The nature of today’s risky business environment favors predictability. It helps to lessen the risk burden faced by many companies and management who may be concerned with our fiscal future.
When it comes to scaled cash and cash growth, nothing beats hosting–nothing. With the right infrastructure in place, nearly anything is possible. Here’s a simple for instance. One of the companies I currently advise runs a enterprise-based SaaS solution. They currently have 20K+ hosted nodes running high-definition unstructured data. They’re doing it on five servers each of which has a hardware cost of about $700 each. Talk about return on investment.
Residual Cash Flows
Like real estate, hosting revenues provide a continual stream of residual income.

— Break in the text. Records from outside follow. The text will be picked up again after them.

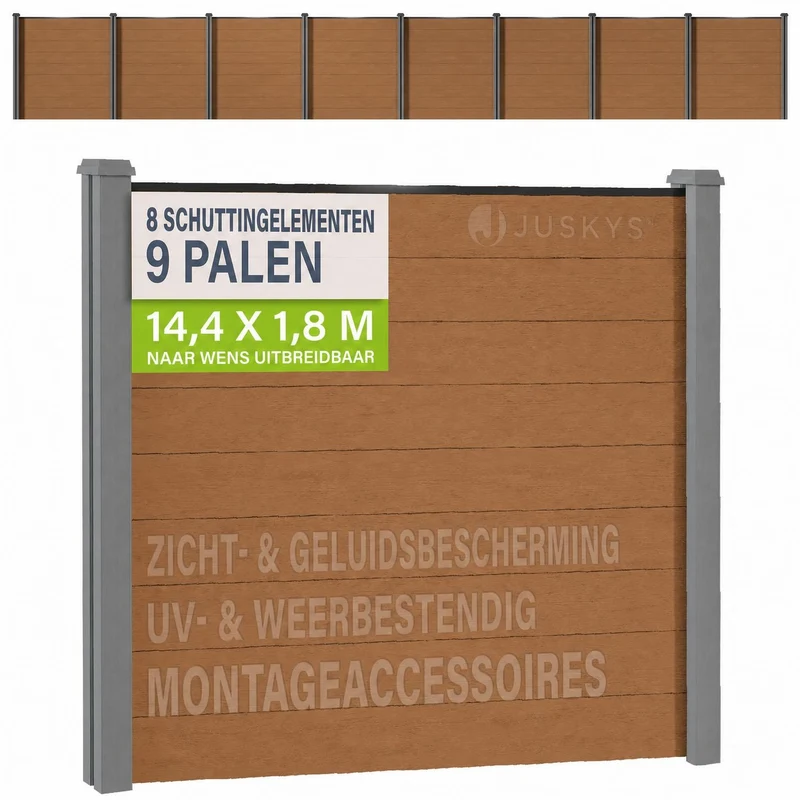 WPC Zaun aus Elementen & Pfosten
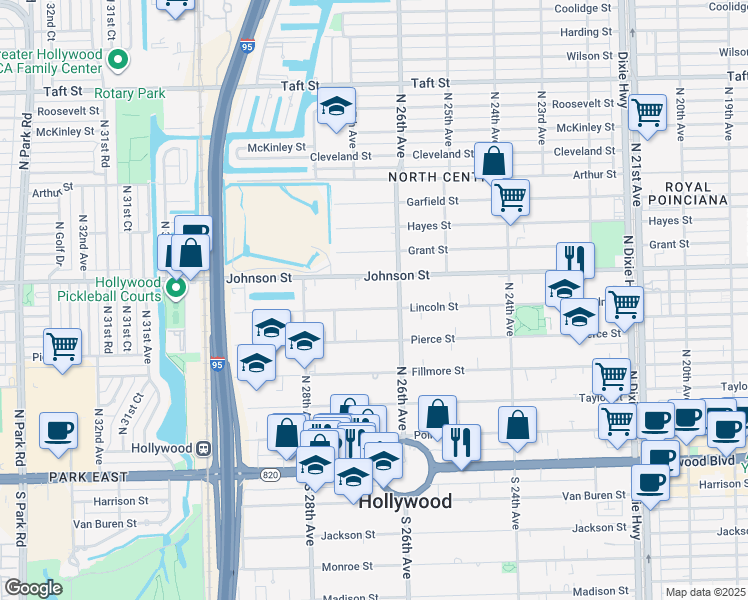 map of restaurants, bars, coffee shops, grocery stores, and more near in Hollywood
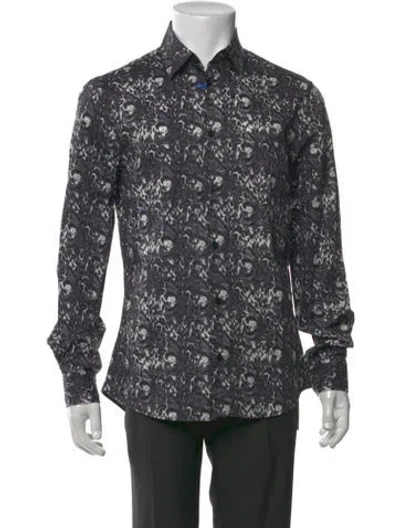 Pre-owned Versace Jeans Graphic Print Long Sleeve Shirt W/ Tags In Gray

When firms look to invest in other markets that may be outside the initial wheelhouse of some form of cloud hosting, they can point to such hosting contracts as a viable stream from which to borrow against. In fact, I can think of two corporate finance firms that I’ve met with recently that provide bridge loans, direct asset purchases loans and large debt financing rounds thanks to the large residual cash flows coming into the business. This is a massive benefit to companies looking for quick cash without having to forfeit equity to do so. A great example is a SaaS or PaaS-based company with long-term contract with the United States Military. The contract will certainly involve an upfront cost that may be prohibitive to the company, but for which the eventual income on the back-end makes the project extremely enticing.
Getting a great interest rate from non-bank lenders (unfortunately, banks have been hesitant of late to provide financing in some of these types of unique situations) is much more easy when you’ve a predictable “contract-based” income stream from hosting revenues or something similar. Residual cash flows that are highly-predictable also makes corporate valuation that much easier because such streams can be more easily discounted.
The features previously mentioned help to contribute to strong multiples for business valuations in this space. Strong multiples means a greater payout or bang-for-your-buck when it comes time to sell the business. In short, investors–both strategic and financial–typically pay a premium for companies with all the other features mentioned above.
Perhaps one of the greatest reasons I love SaaS business models is the fact that they include all the elements of the new digital economy: finance, technology, marketing and operations into a single one-stop-shop. What’s your favorite business model?